**Given records**.
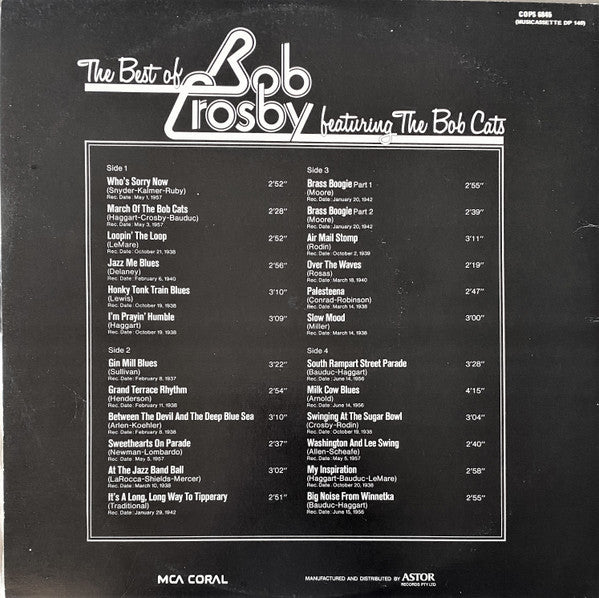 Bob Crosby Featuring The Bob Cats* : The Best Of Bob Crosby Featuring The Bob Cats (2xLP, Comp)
--
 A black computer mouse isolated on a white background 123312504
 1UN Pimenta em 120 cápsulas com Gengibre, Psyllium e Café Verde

**What is expected**.
From the entries above, give again exactly the lines running from the line with "A black computer" to the line with "1UN Pimenta em"; include both of those lines.

**Answer box**.
 A black computer mouse isolated on a white background 123312504
 1UN Pimenta em 120 cápsulas com Gengibre, Psyllium e Café Verde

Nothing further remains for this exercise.